Task item: Write the entries below out again exactly; any picture in them stays out.

Saved entries
········

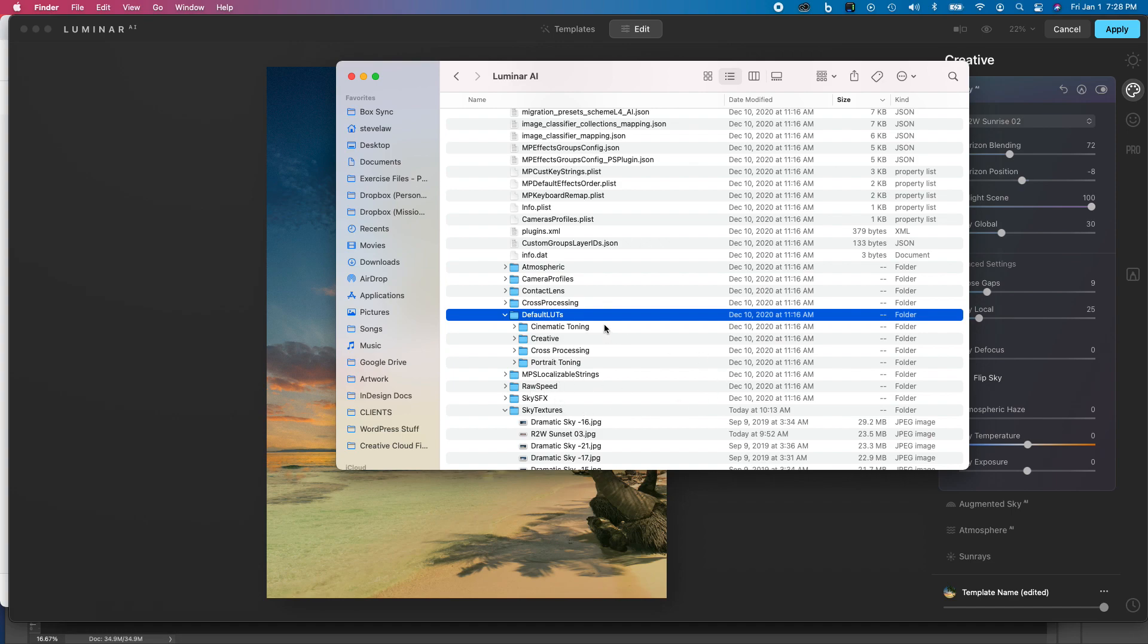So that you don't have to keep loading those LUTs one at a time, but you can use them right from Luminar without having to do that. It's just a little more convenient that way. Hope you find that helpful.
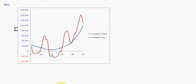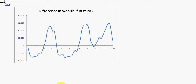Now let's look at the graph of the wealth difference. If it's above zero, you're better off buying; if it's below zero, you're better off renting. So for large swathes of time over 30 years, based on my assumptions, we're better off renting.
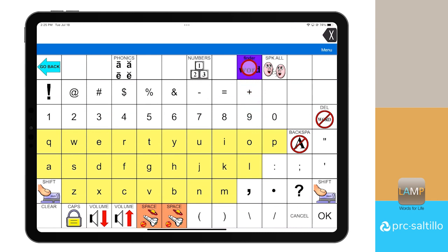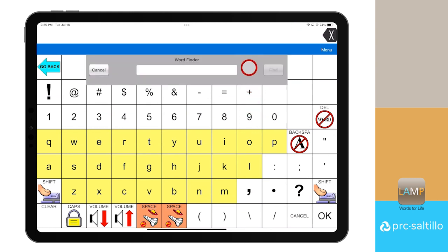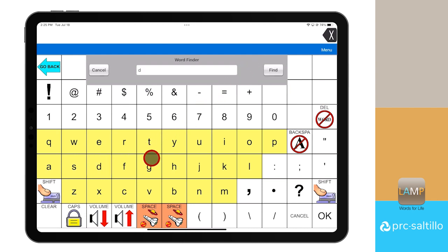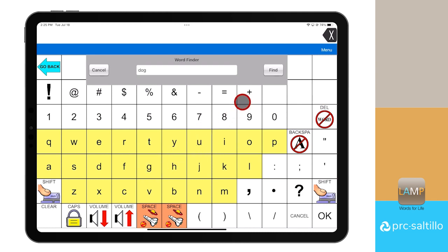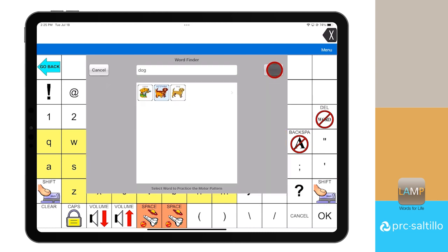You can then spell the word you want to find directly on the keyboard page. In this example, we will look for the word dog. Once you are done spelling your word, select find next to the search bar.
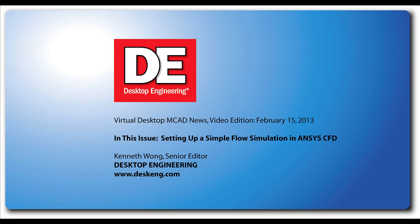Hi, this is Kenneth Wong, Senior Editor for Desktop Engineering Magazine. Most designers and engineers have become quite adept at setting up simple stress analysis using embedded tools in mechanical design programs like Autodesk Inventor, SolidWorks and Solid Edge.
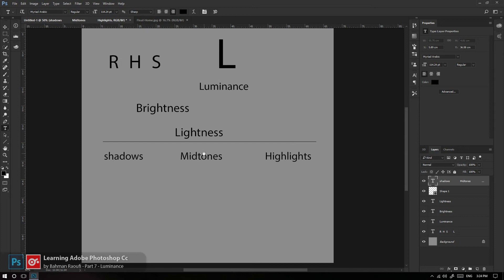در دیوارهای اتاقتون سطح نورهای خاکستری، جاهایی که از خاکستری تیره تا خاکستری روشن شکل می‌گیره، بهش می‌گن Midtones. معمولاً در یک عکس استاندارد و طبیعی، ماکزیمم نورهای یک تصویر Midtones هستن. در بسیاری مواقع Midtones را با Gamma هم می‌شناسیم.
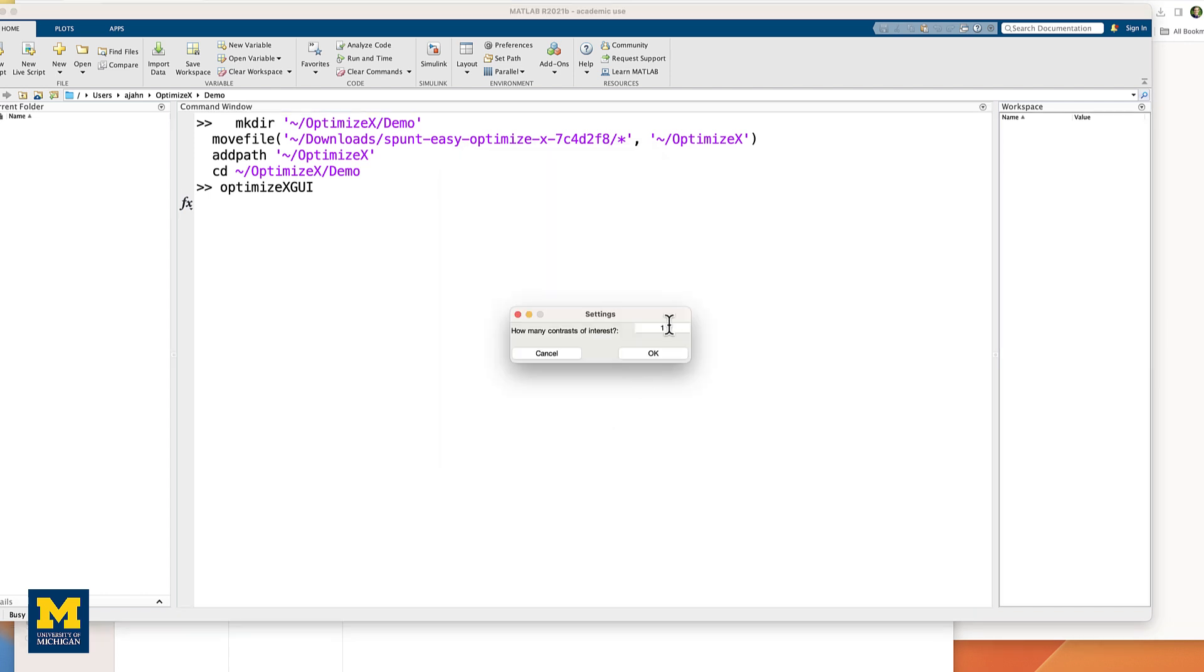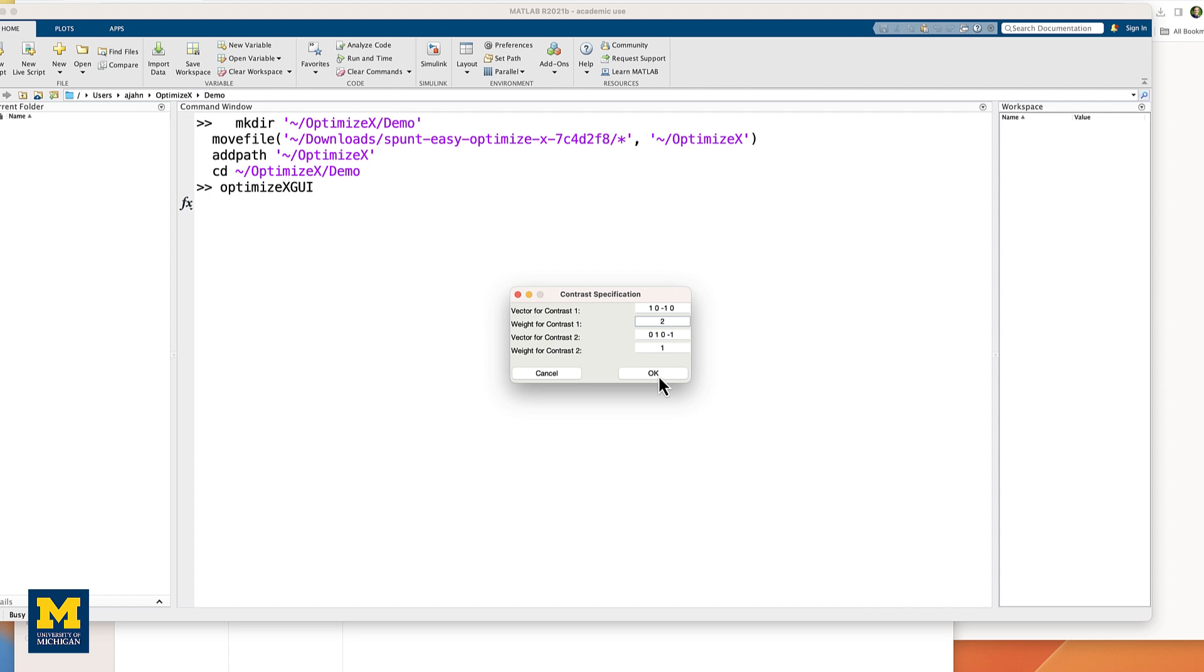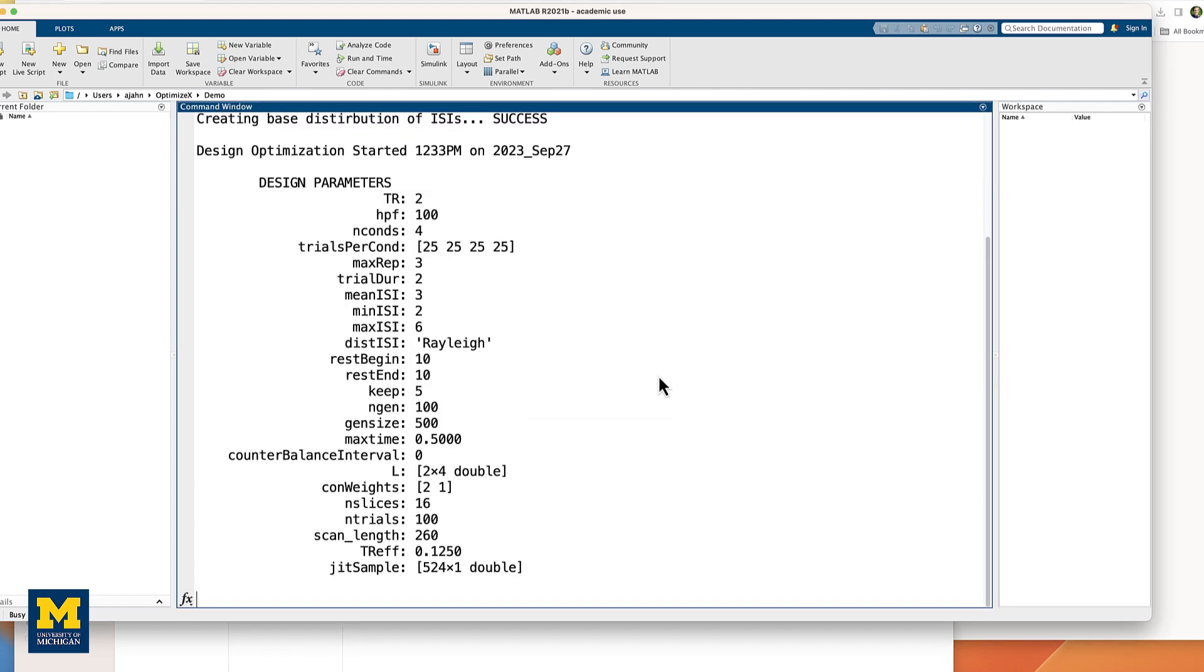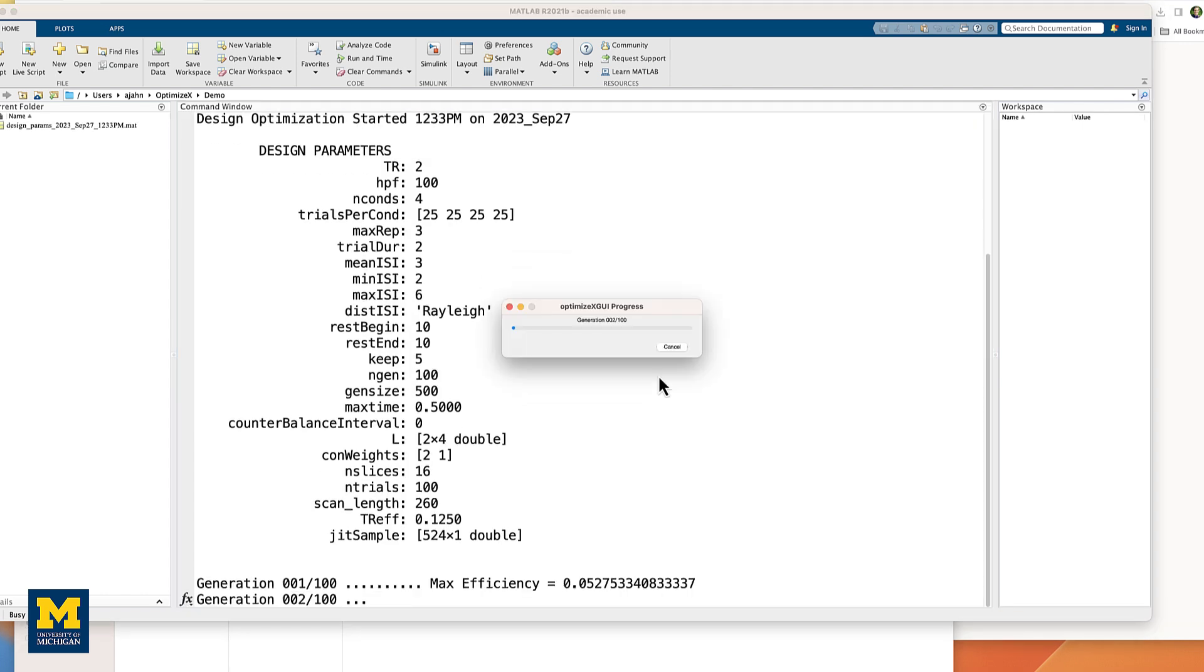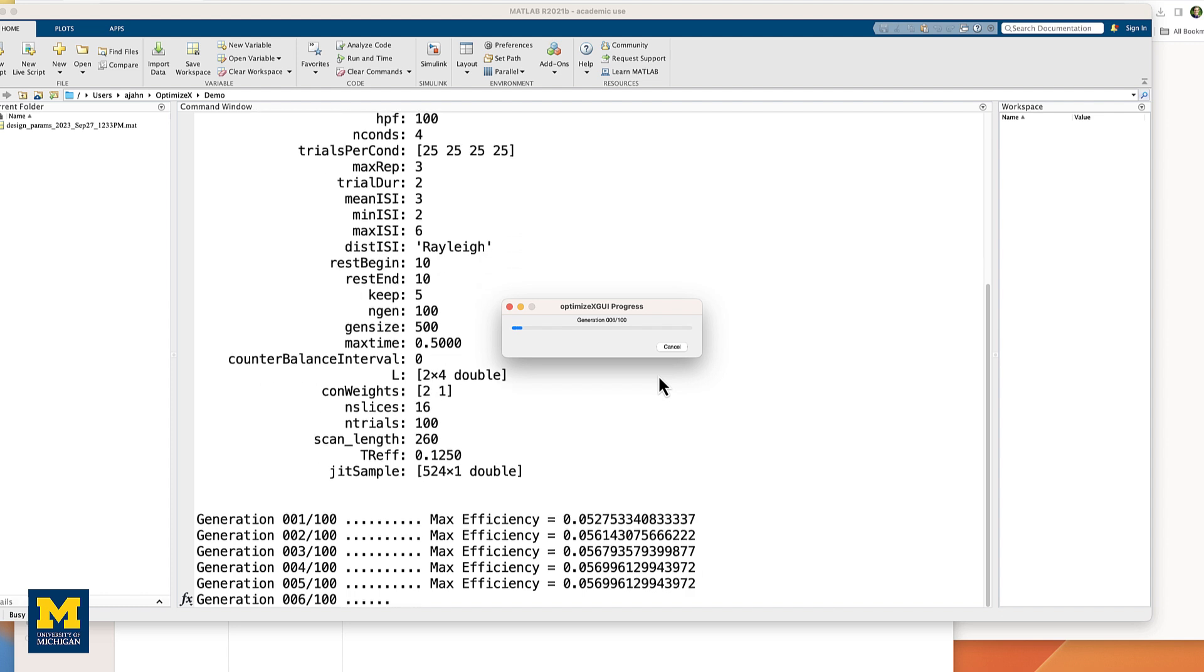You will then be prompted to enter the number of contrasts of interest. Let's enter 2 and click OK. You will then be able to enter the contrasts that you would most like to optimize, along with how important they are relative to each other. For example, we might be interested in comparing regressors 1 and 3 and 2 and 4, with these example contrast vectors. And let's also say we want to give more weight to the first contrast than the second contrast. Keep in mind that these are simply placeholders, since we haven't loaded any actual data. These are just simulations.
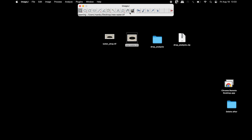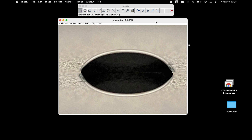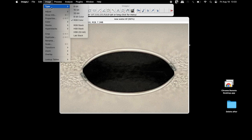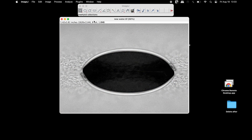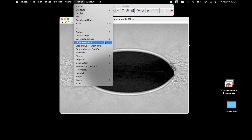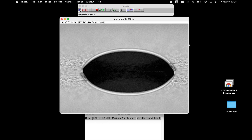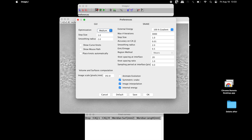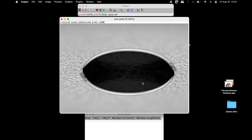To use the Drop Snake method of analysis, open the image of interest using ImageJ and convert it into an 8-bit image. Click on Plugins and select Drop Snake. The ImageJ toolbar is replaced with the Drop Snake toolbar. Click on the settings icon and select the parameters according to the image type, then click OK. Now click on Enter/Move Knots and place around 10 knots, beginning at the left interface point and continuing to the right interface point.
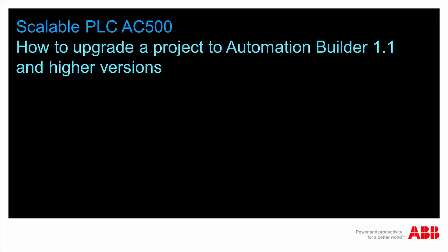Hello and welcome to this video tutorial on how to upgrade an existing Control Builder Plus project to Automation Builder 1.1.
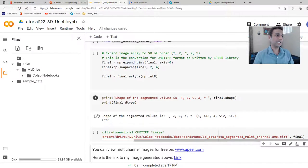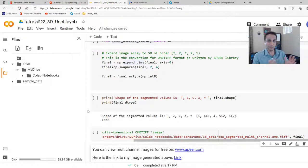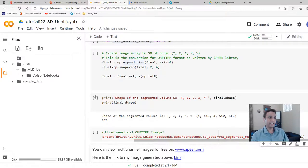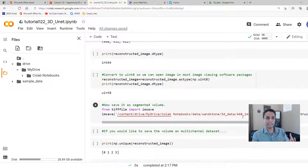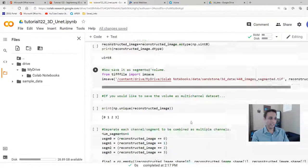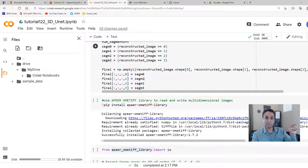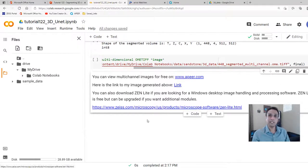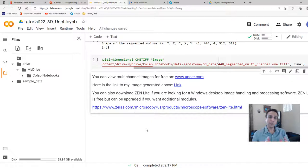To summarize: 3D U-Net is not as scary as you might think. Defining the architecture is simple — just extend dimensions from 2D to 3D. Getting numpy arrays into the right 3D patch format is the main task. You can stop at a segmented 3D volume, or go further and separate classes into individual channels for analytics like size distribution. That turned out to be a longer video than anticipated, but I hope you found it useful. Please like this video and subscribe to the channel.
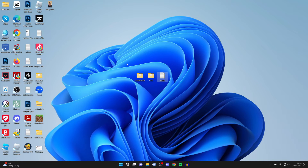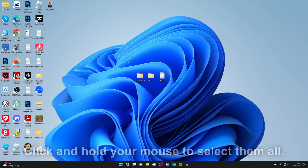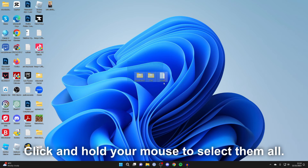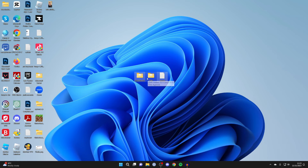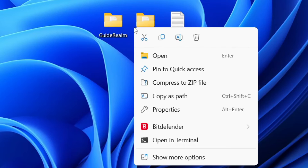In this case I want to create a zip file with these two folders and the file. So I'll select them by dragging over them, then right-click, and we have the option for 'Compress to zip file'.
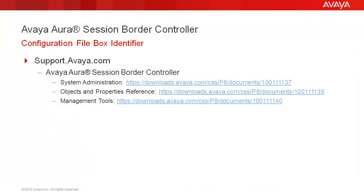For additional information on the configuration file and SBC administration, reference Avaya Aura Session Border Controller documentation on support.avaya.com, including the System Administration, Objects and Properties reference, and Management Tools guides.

········

Final answer:
So that you don't have to keep loading those LUTs one at a time, but you can use them right from Luminar without having to do that. It's just a little more convenient that way. Hope you find that helpful.
Now let's look at the graph of the wealth difference. If it's above zero, you're better off buying; if it's below zero, you're better off renting. So for large swathes of time over 30 years, based on my assumptions, we're better off renting.
You can then spell the word you want to find directly on the keyboard page. In this example, we will look for the word dog. Once you are done spelling your word, select find next to the search bar.
Hi, this is Kenneth Wong, Senior Editor for Desktop Engineering Magazine. Most designers and engineers have become quite adept at setting up simple stress analysis using embedded tools in mechanical design programs like Autodesk Inventor, SolidWorks and Solid Edge.
در دیوارهای اتاقتون سطح نورهای خاکستری، جاهایی که از خاکستری تیره تا خاکستری روشن شکل می‌گیره، بهش می‌گن Midtones. معمولاً در یک عکس استاندارد و طبیعی، ماکزیمم نورهای یک تصویر Midtones هستن. در بسیاری مواقع Midtones را با Gamma هم می‌شناسیم.
You will then be prompted to enter the number of contrasts of interest. Let's enter 2 and click OK. You will then be able to enter the contrasts that you would most like to optimize, along with how important they are relative to each other. For example, we might be interested in comparing regressors 1 and 3 and 2 and 4, with these example contrast vectors. And let's also say we want to give more weight to the first contrast than the second contrast. Keep in mind that these are simply placeholders, since we haven't loaded any actual data. These are just simulations.
To use the Drop Snake method of analysis, open the image of interest using ImageJ and convert it into an 8-bit image. Click on Plugins and select Drop Snake. The ImageJ toolbar is replaced with the Drop Snake toolbar. Click on the settings icon and select the parameters according to the image type, then click OK. Now click on Enter/Move Knots and place around 10 knots, beginning at the left interface point and continuing to the right interface point.
Hello and welcome to this video tutorial on how to upgrade an existing Control Builder Plus project to Automation Builder 1.1.
To summarize: 3D U-Net is not as scary as you might think. Defining the architecture is simple — just extend dimensions from 2D to 3D. Getting numpy arrays into the right 3D patch format is the main task. You can stop at a segmented 3D volume, or go further and separate classes into individual channels for analytics like size distribution. That turned out to be a longer video than anticipated, but I hope you found it useful. Please like this video and subscribe to the channel.
In this case I want to create a zip file with these two folders and the file. So I'll select them by dragging over them, then right-click, and we have the option for 'Compress to zip file'.
For additional information on the configuration file and SBC administration, reference Avaya Aura Session Border Controller documentation on support.avaya.com, including the System Administration, Objects and Properties reference, and Management Tools guides.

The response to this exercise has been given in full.